**Task goal:** Repeat only these lines, exactly: the first line of the data, the line containing "Vinyl Stool without", and every line between them. Pictures stay out.

Crawled caption data
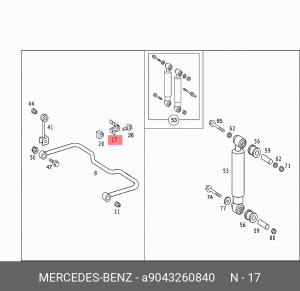 Кронштейн крепления стабилизатора подвески A 904 326 08 40 MERCEDES BENZ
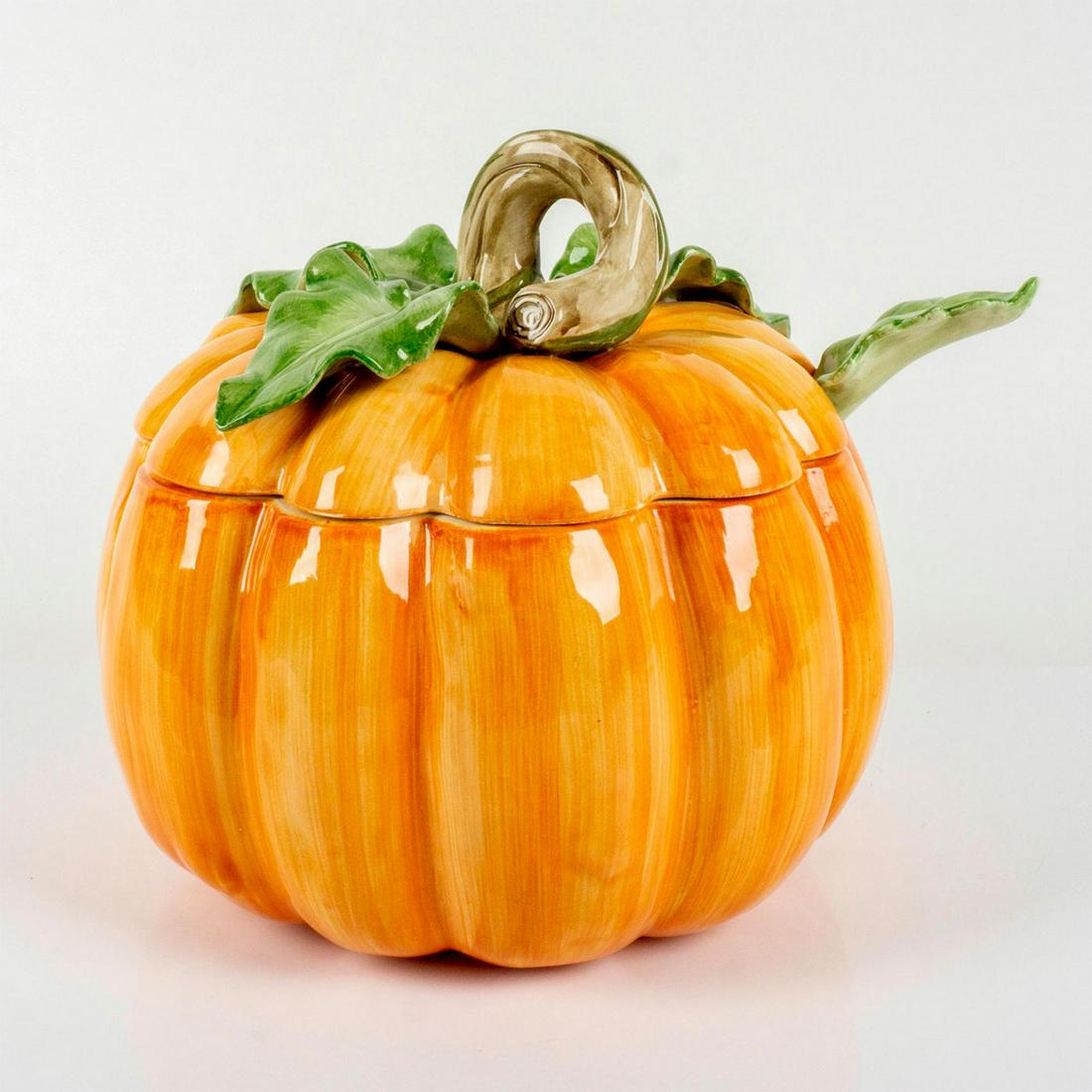 Fitz and Floyd Pumpkin Tureen with Ladle (1 of 5)
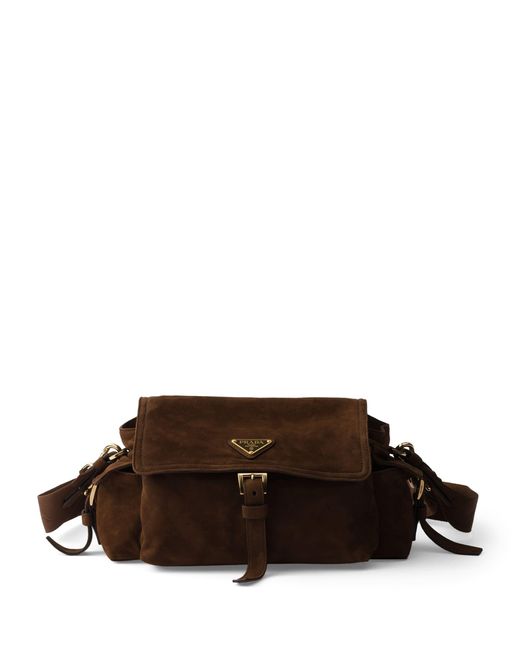 Prada Brown Explore Medium Suede Shoulder Bag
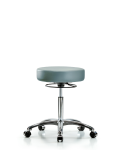 Vinyl Stool without Back Chrome - Medium Bench Height with Casters in Storm Supernova Vinyl VMBSO-CR-NF-CC-8822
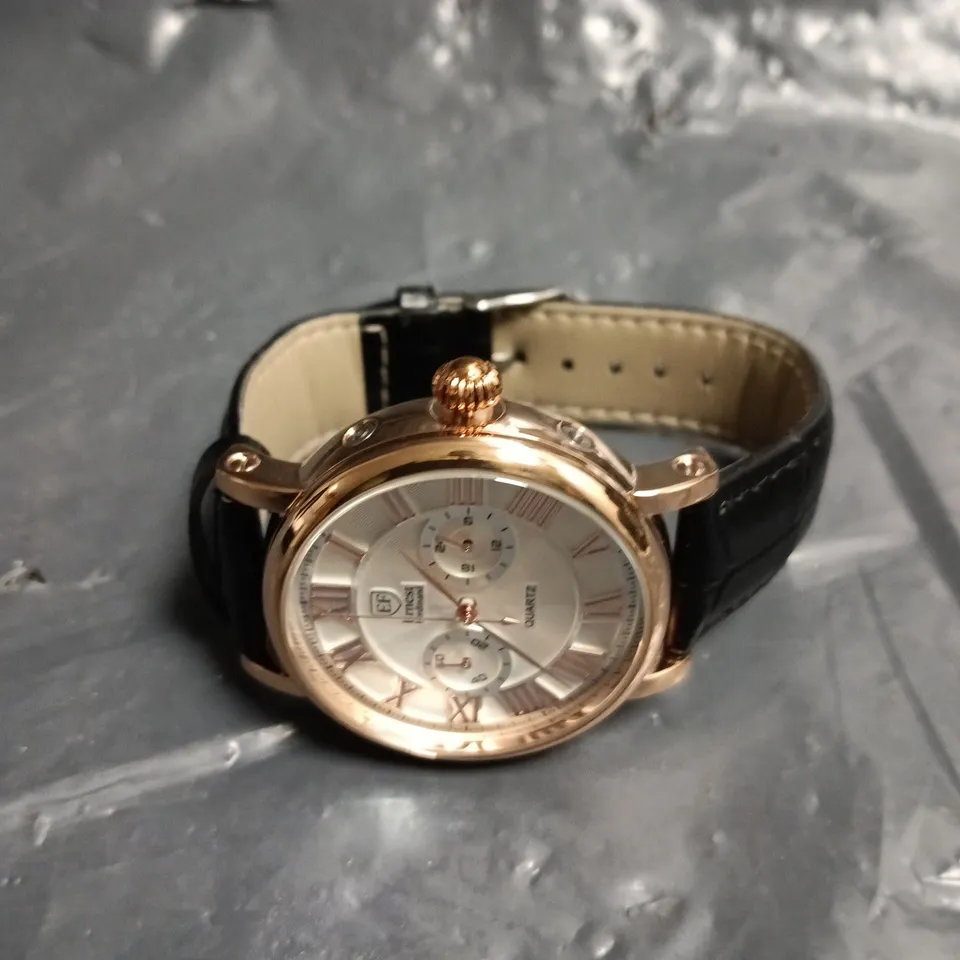 MENS ERNEST FERDINAND WATCH – FUNCTIONING SUB DIALS – LEATHER STRAP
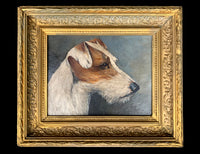 Antique Oil on Board Portrait of a Fox Terrier SOLD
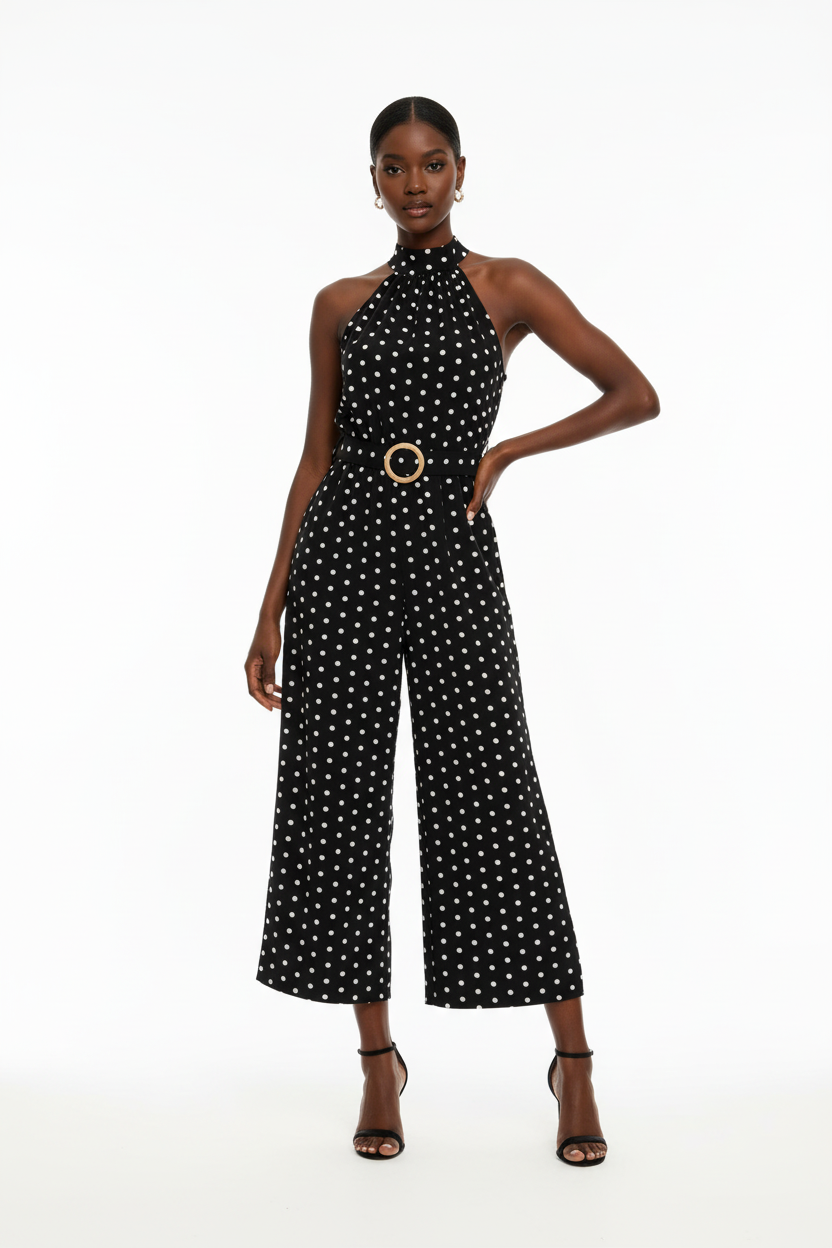 Combinaison halter à pois noire avec col mock halter froncé sophistiqué, imprimé à pois blancs intemporel, ceinture à boucle ronde sculpturale et jambes larges palazzo fluides - vue de face complète sur fond blanc studio montrant la silhouette allongeante et élégante, le tissu 100% polyester léger en noir chic - Mannequin en pose confiante et estivale - Collection mode féminine accessible premium Black-Coat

**Result of this task:**
 Кронштейн крепления стабилизатора подвески A 904 326 08 40 MERCEDES BENZ
 Fitz and Floyd Pumpkin Tureen with Ladle (1 of 5)
 Prada Brown Explore Medium Suede Shoulder Bag
 Vinyl Stool without Back Chrome - Medium Bench Height with Casters in Storm Supernova Vinyl VMBSO-CR-NF-CC-8822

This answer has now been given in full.